Ha l'amour! Sujet toujours gloussant pour les enfants. Quand on fait des virelangues, on les essaie sur plusieurs modes, différentes émotions. Coup classique, sitôt que j'indique amoureux.ses comme émotion, la moité du groupe pogne le fou rire, se cache les yeux, débarque du cercle, proteste, saute sur son voisin, c'est assez pour perdre la classe. Et pourtant, je persiste en m'amusant de leurs réactions, en échangeant avec les élèves qui restent des regards tendres, bienveillants, joyeux, câlinants, confiants, sympathiques, taquins, si bien qu'on finit par rattraper la plupart des récalcitrant.es.
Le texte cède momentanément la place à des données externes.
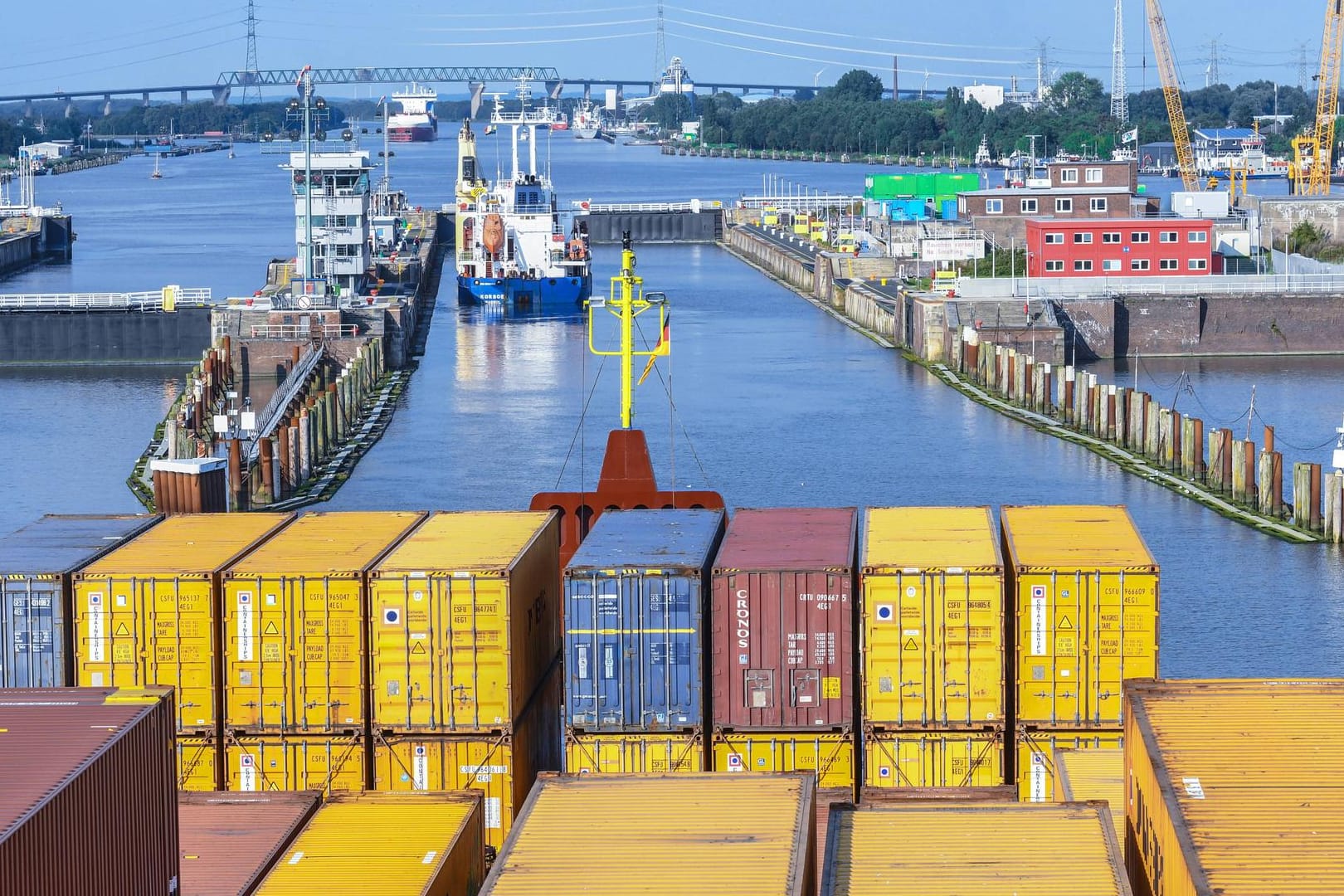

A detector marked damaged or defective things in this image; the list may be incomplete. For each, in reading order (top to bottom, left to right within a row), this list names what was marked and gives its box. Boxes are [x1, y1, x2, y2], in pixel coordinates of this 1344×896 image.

Avec certains groupes, certaines écoles où je retourne 2-3 fois/année, à la longue, ce jeu en vaut la chandelle. Les comportements des enfants s'ajustent et l'atmosphère de classe s'en trouve bonifiée.
Une fois en hiver, à la récré du matin, j'ai surpris une demi-douzaine de garçons à plat ventre dans la neige, à creuser frénétiquement la couche de glace et de garnotte contre le mur de l'école. Ils avaient l'air agité. Que se passe-t-il, les gars? Avez-vous perdu quelque chose? Et les six de vouloir m'expliquer en même temps... - Wo-wo-wo! Un à la fois, dis-je - C'est Miguel qui a échappé une bague. - Une vraie bague ou une bague jouet, je demande? - Une vraie bague, c'est la bague à sa mère. - Miguel? Que faisais-tu avec la bague de ta mère à l'école? - C'est à moi, elle me l'a donnée, j'ai le droit de la donner à qui je veux, se défend Miguel. - Je comprends, Miguel, mais donner une bague, c'est un message d'amour fort, comme une demande en mariage. Tu veux donner la bague à la personne que tu aimes? Miguel se trouble, il ne sait plus quoi dire. - L'amitié, ça compte aussi, répond-il faiblement. À nouveau les six de vouloir m'expliquer que Miguel change d'école aujourd'hui et qu'il voulait leur laisser un souvenir.... - Re-Wo-wo-wo! Miguel? Oui, l'amitié ça compte, mais alors tu ne veux pas la donner à une fille, c'est ça? - Non, à un garçon, me répond-il pas sûr de lui. J'ai beaucoup d'amis alors j'ai décidé de la lancer par en arrière au premier qui l'attrape. - Comme le bouquet de la mariée? - Oui, mais là, elle est perdue. Il s'est mis à pleurer déclenchant un regain de creusage des boys dans un silence étonnant qui durat jusqu'à la cloche.
Les enfants tombent en amour comme les grands, sans l'avoir vu venir, sans comprendre comment. Ils tombent en amour comme en pleine face, souvent, en se relevant pour recommencer. Parce c'est pas compliqué, ça va de soi, ça va par là. l'amour ça s'avale, comme la crème glacée, sans l'envie de poser une question. Les enfants connaissent fort bien aussi les peines d'amour, chaque fois que l'un est rejeté du groupe, ou qu'un autre se fait traiter de monstre, de laide, de gros. Les blessures à l'âme sont profondes, toujours, comme dans les grands chagrins d'amour.